A mistrial may be declared sua sponte by the judge or upon motion by either party. Common grounds include juror misconduct, prejudicial statements by witnesses or counsel, improper evidence reaching the jury, or a deadlocked jury unable to reach a unanimous verdict. When a mistrial motion is made, the judge typically excuses the jury, hears arguments, and determines whether the error is so prejudicial that it cannot be cured by a limiting instruction. If a mistrial is declared over the defendant's objection in a criminal case, double jeopardy analysis applies to determine whether retrial is permitted under the "manifest necessity" standard.
Defense Counsel: "Your Honor, we move for a mistrial based on the prosecutor's reference to the defendant's prior convictions in violation of the court's in limine order."
Judge: "The jury having reported that they are hopelessly deadlocked after five days of deliberation, I am declaring a mistrial."
Judge: "The motion for mistrial is denied. I will issue a curative instruction to the jury."
Students frequently assume a mistrial means the defendant goes free. In most cases, the prosecution may retry the case. Only when a mistrial is caused by prosecutorial misconduct intended to provoke a mistrial motion does double jeopardy bar retrial.
Arizona v. Washington, 434 U.S. 497 (1978)
Held that a trial judge's finding of manifest necessity for a mistrial is entitled to great deference, and retrial is not barred by double jeopardy.
Oregon v. Kennedy, 456 U.S. 667 (1982)
Established that double jeopardy bars retrial after a defense-requested mistrial only when the prosecution's misconduct was intended to provoke the motion.
United States v. Perez, 22 U.S. (9 Wheat.) 579 (1824)
First articulated the manifest necessity doctrine, holding that a hung jury constitutes sufficient necessity to declare a mistrial.
| Mistrial | Dismissal |
|---|---|
| Trial is terminated before verdict | Case is terminated entirely |
| Case may be retried | With prejudice: case cannot be refiled |
| Declared by the judge sua sponte or on motion | May be voluntary (plaintiff) or involuntary (court) |
| Jury is discharged without reaching a verdict | No jury discharge issue (often pretrial) |
| Double jeopardy usually does not bar retrial | Dismissal with prejudice bars relitigation |
What is the difference between a mistrial and a dismissal?
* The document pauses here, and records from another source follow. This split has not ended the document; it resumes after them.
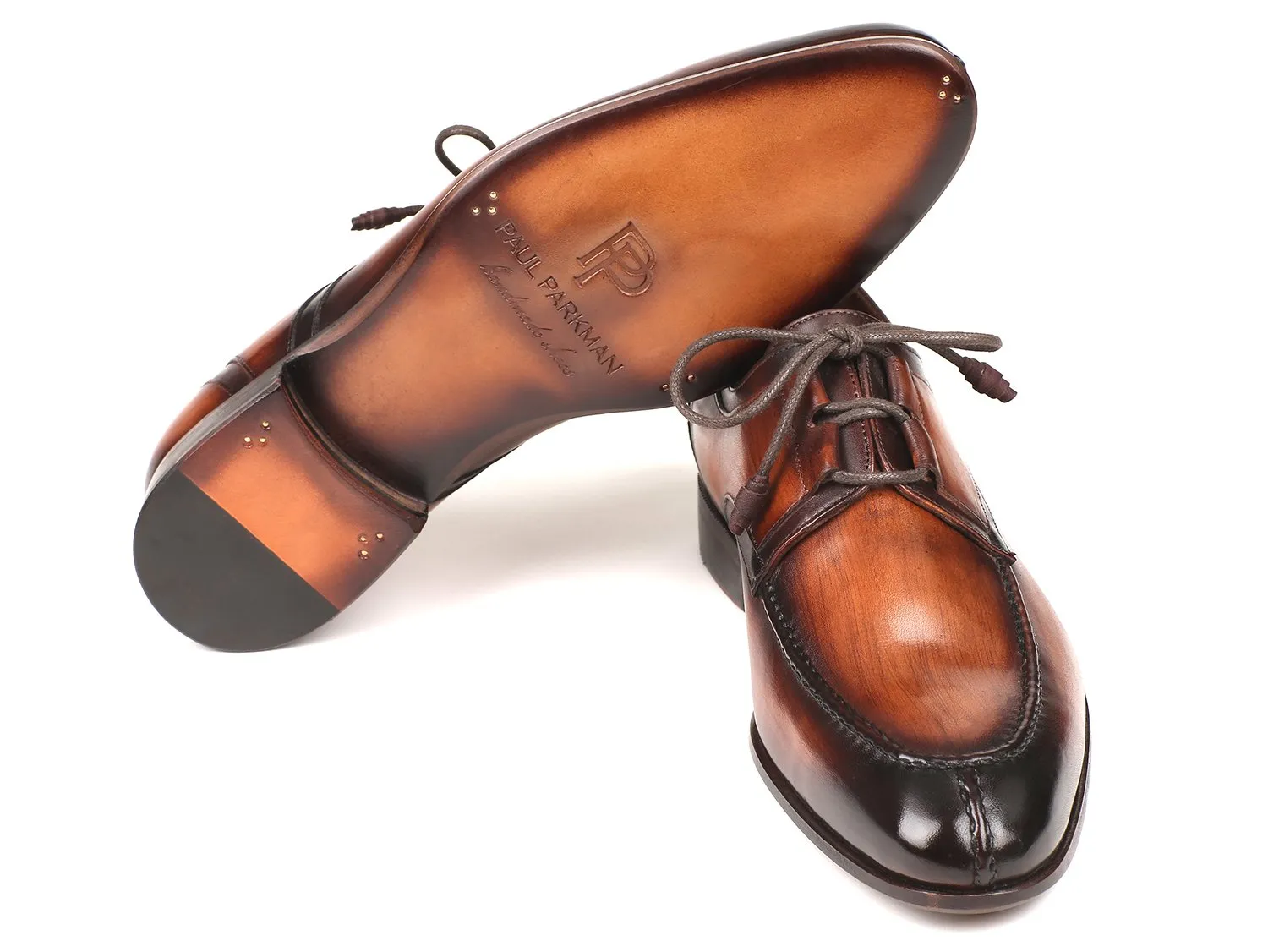 Paul Parkman Schuhe Paul Parkman Herren Ghillie Schnürung Anzugsschuhe in Braun Hochglanz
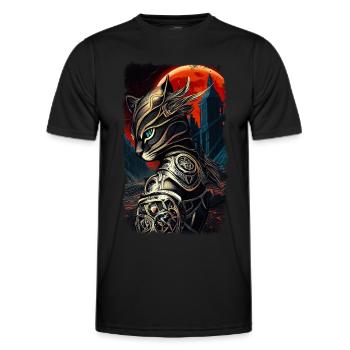 Ritter Kater - Männer Funktions-T-Shirt - Schwarz - Vorne - AI Model Male 178 dark (178cm)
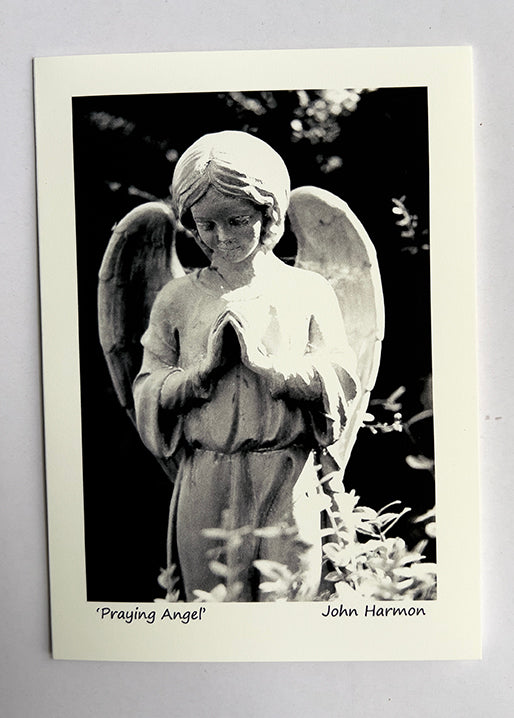 Praying Angel Statue in Black and White Fine Art Spiritual Photo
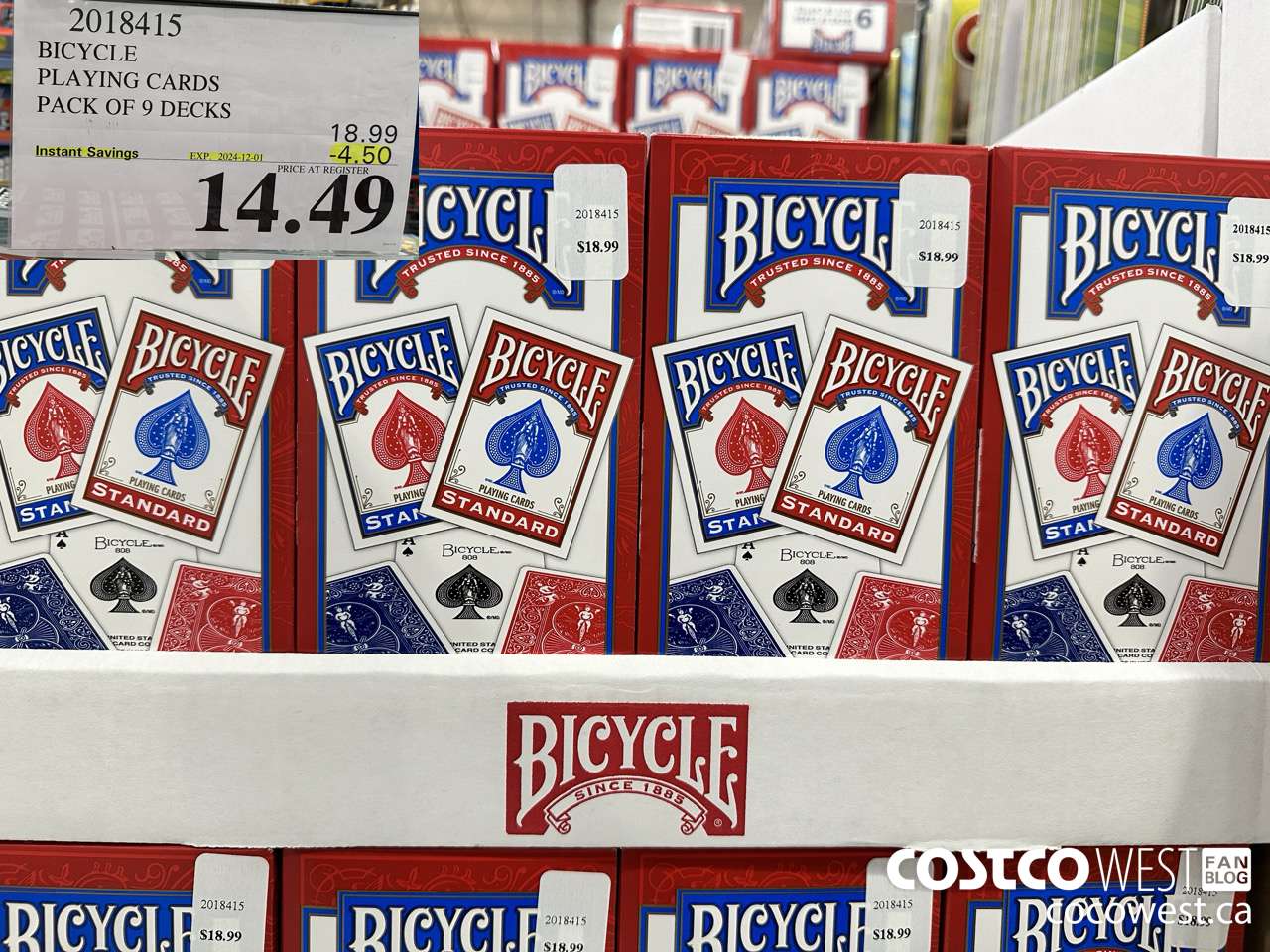 2018415 BICYCLE PLAYING CARDS PACK OF 9 DECKS ($4.50 INSTANT SAVINGS EXPIRES ON 2024-12-01) $14.49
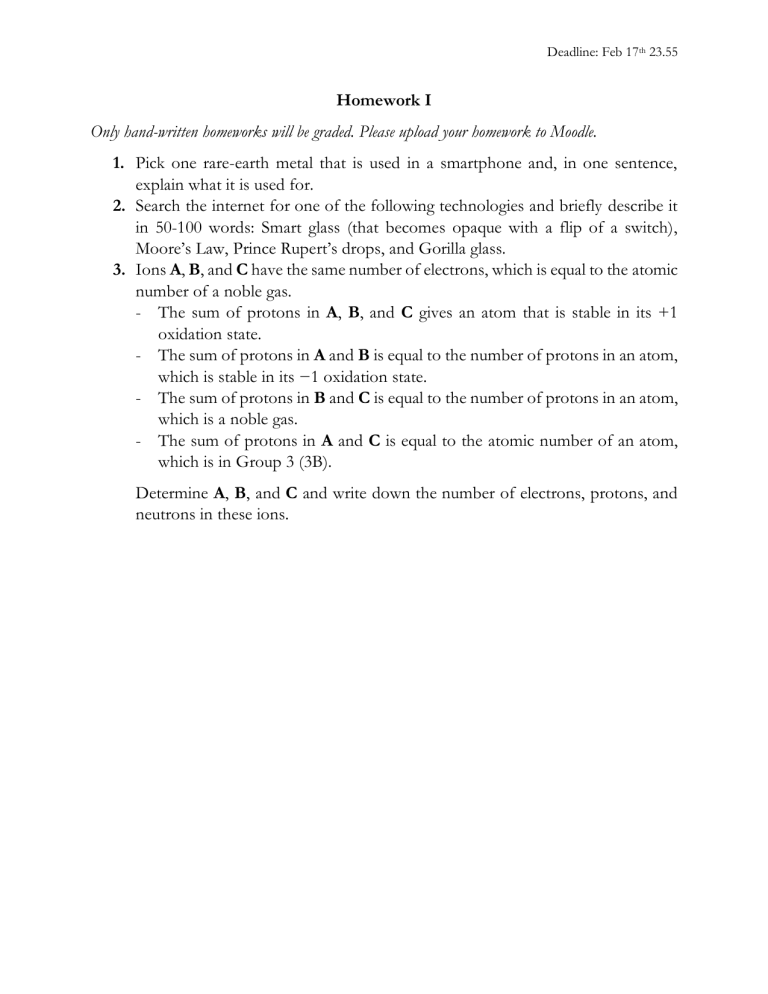 Chemistry & Materials Science Homework I: Ions, Rare Earths, Tech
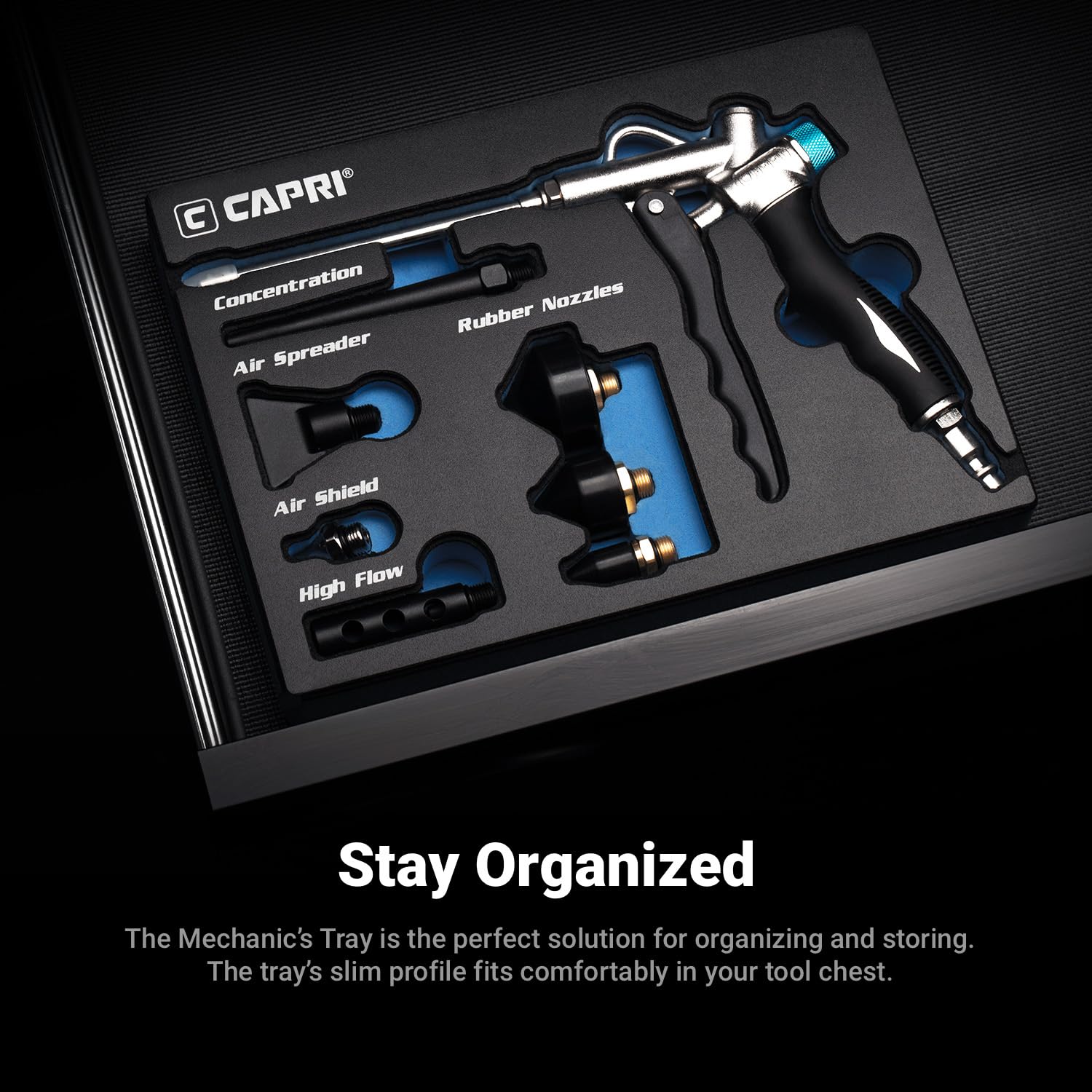 Capri Tools 2-Wege-Luftblaspistolen-Set mit Düsen und Räuberspitzen, 8-teilig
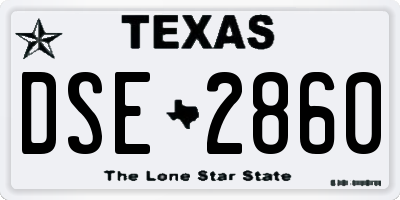 TX license plate DSE2860
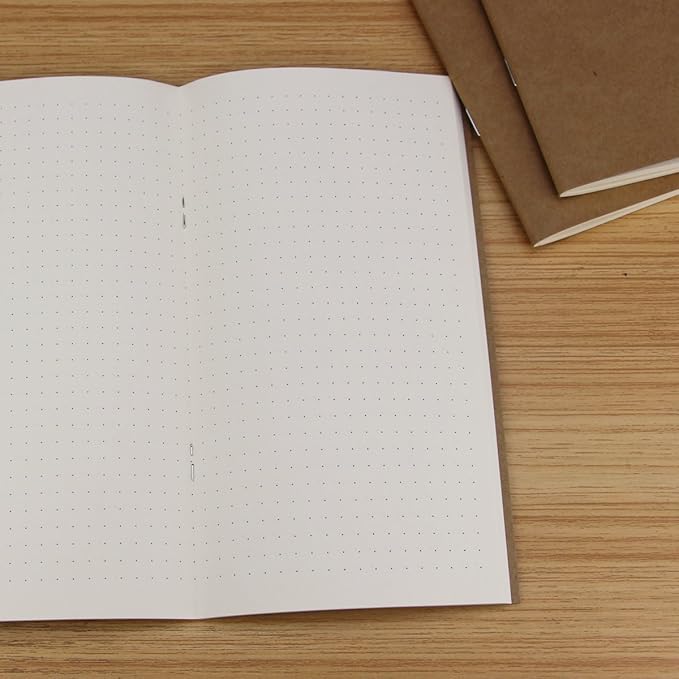 Dot Grid Notebook/Journal Inserts - Refill for Travelers Notebook by ai-natebok - 7.4 X 4 Inch - Set of 3-240 Pages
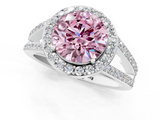 White gold Fancy Pink Round  Halo Split Shank Diamond Ring with Four-Prong Setting_1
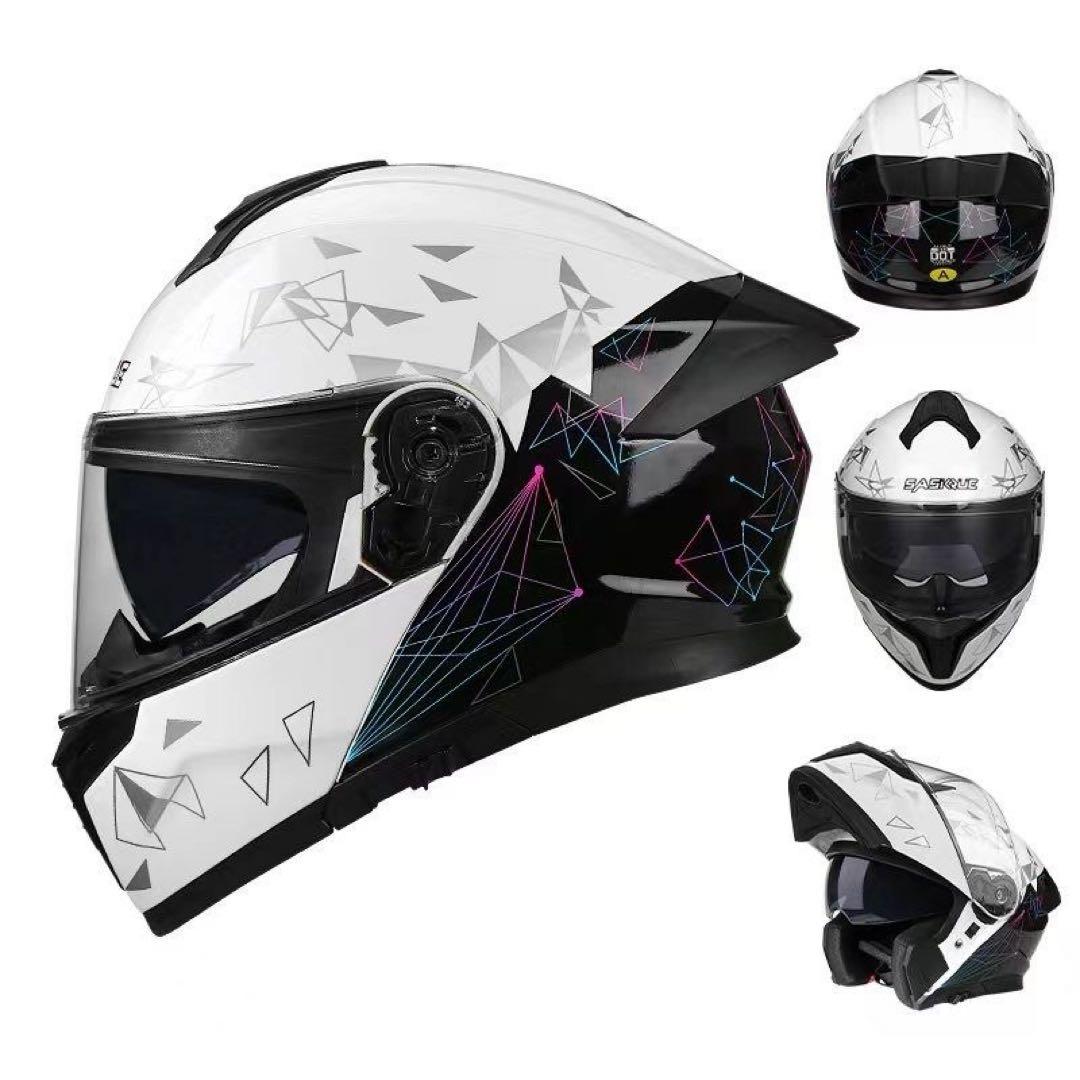 白黒柄 フリップアップ式 システムフルフェイスヘルメットダブルシールド内蔵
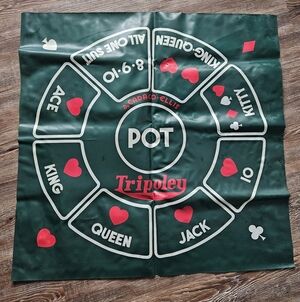 Vintage Tripoley Vinyl Mat Only Deluxe Edition Cadaco 1962 Michigan Rummy 26"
A mistrial terminates the trial before a verdict due to a fundamental error; the case may be retried. A dismissal terminates the case itself; with prejudice it cannot be refiled.
Does a mistrial trigger double jeopardy protections?
Generally no. When declared due to manifest necessity (e.g., hung jury), retrial is allowed. But if the prosecution intentionally provoked a mistrial, retrial may be barred under Oregon v. Kennedy.
What are the most common grounds for declaring a mistrial?
Hung jury, juror misconduct or exposure to prejudicial information, prosecutorial misconduct, improper statements that cannot be cured by instruction, and sudden unavailability of a critical participant.